FRIDAY 31 OCTOBER – Notice that the windows
and door of the Community Centre are blacked out so suspect they were preparing
the room for a Halloween party tonight. 
Take a walk up to the nearby Crossroads Mall but it looks like it is dying
fast.  Apparently planners are forever
creating bigger and better malls then people no longer visit the old ones.  In the afternoon Frank says he would like to
take us out to a special place he knows and asks if there is anything else we
want to do.  Yesterday we saw a carpet
remnant place nearby so he takes us there and for $15 (£9) we get a nice piece
of shag pile for the motorhome.  The
lino is great in the summer or at the beach but carpet is much cosier in the
winter.  Brackenridge is the location of
the Japanese tea garden.  There is a
quirky story attached as after Pearl Harbour they were forced to rename it a
Chinese tea garden and had a Mexican create a wooden looking concrete entrance
in the shape of a Chinese entrance gate. 
Today it has reverted to being the Japanese sunken garden and what a
treasure it is.  There is a fantastic
huge stone pagoda with lots of fancy arches overlooking the sunken garden and
pool.  Numerous paths and bridges lead
you around the gardens and there is even a waterfall.  On the way back Frank calls in to Barnes & Noble bookstores
where we manage to buy the Central America map that we need.  In the evening Frank & Narlie are going
to a party that starts at 10pm so try to fit in a snooze before hand.  The disco begins next to us but it is nice
music and we are happy to watch the kids having fun there whilst others roam
the streets treat or treating. 
Couchsurfer Mary was unable to offer us motorhome parking but wants to
take us out to her favourite restaurant. 
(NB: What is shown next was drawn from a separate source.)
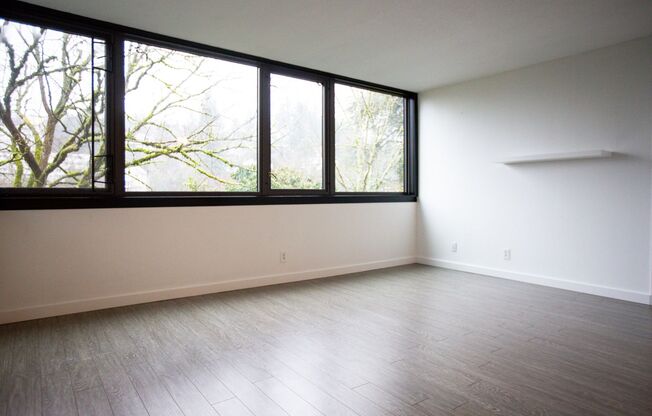 Goose Hollow 1 Bedroom Available Now !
La Fogata is a fantastic Tex Mex restaurant and looks enchanting from
outside with fairly lights everywhere. 
When we enter through some old Mexican wooden doors we hear the mariachi
band playing.  Mary is excellent company
and recommends certain items on the menu. 
The food is excellent as are their famous margaritas.  We are having such a good time that Mary
comes back to the motorhome and stays chatting until after midnight.